Short web captions

'''

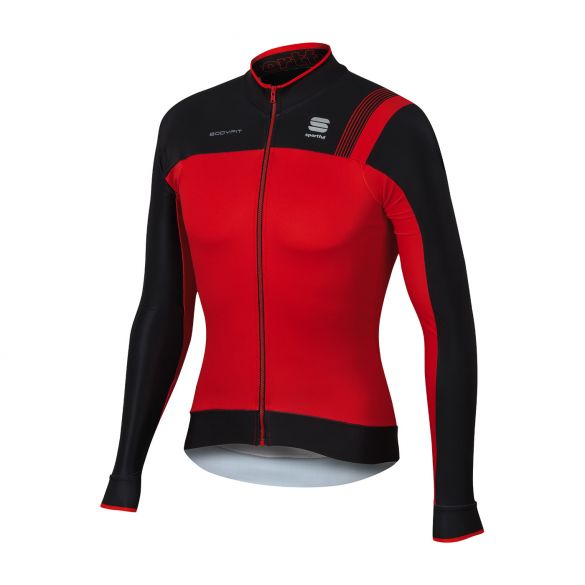 Sportful Bodyfit pro thermal Lange Armel Radtrikot Rot/Schwarz Herren 1101816-567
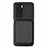 Ultra-thin Silicone Gel Soft Case Cover with Magnetic S03D for Xiaomi Mi 11X Pro 5G Black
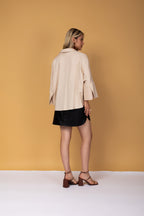 Camisa ampla manga 3/4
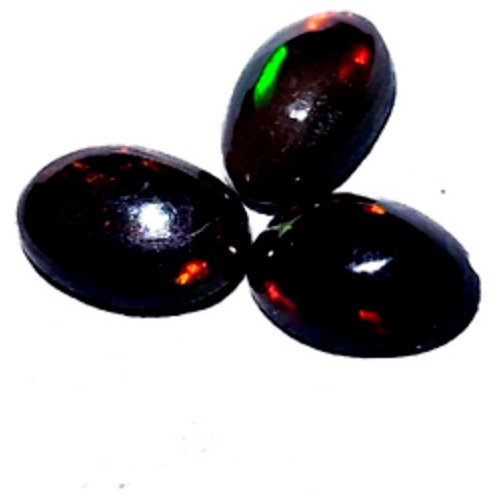 Ópalos Etíopes Naturales 0.73 Cts (3 Piezas) Opalo Negro
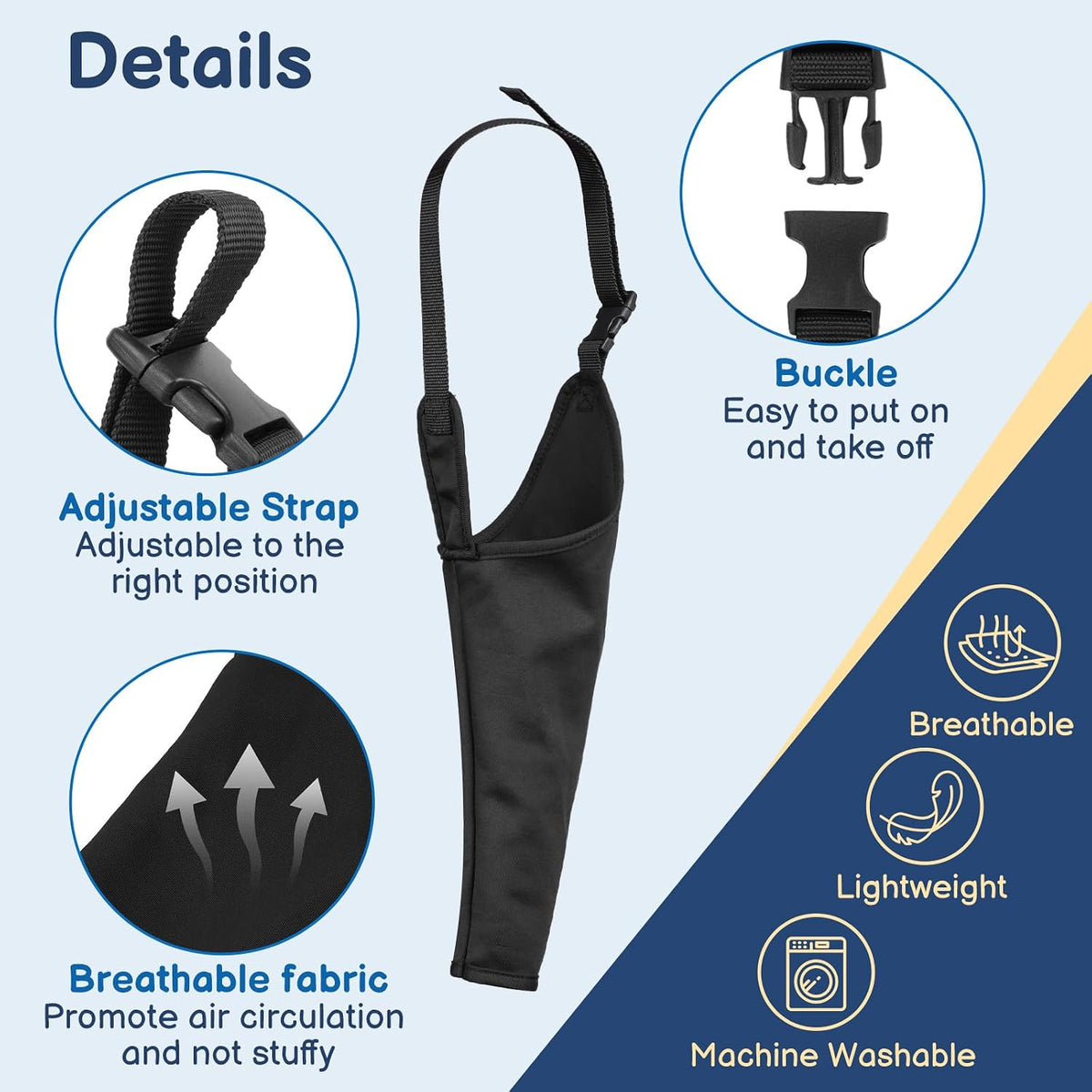BARKLESS Dog Leg Sleeve for Front Single Leg After Surgery to Stop Licking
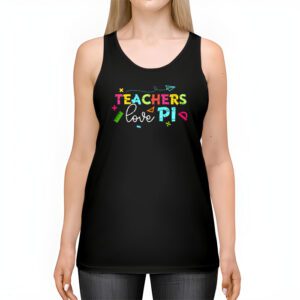 Funny Pi Day Math Teacher Shirt 3.14 Pi Symbol Nerds Women Tank Top 2 2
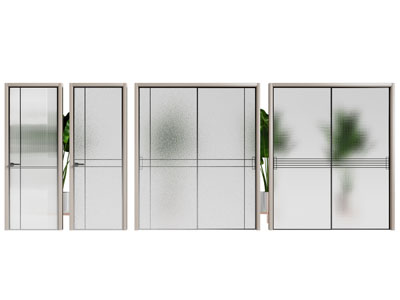 现代玻璃推拉门 平开门 房门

'''

▶ PROMPT
Could you output all of the entries above exactly? Leave the pictures out.

▶ TASK SOLUTION
 Sportful Bodyfit pro thermal Lange Armel Radtrikot Rot/Schwarz Herren 1101816-567
 Ultra-thin Silicone Gel Soft Case Cover with Magnetic S03D for Xiaomi Mi 11X Pro 5G Black
 Camisa ampla manga 3/4
 Ópalos Etíopes Naturales 0.73 Cts (3 Piezas) Opalo Negro
BARKLESS Dog Leg Sleeve for Front Single Leg After Surgery to Stop Licking
 Funny Pi Day Math Teacher Shirt 3.14 Pi Symbol Nerds Women Tank Top 2 2
 现代玻璃推拉门 平开门 房门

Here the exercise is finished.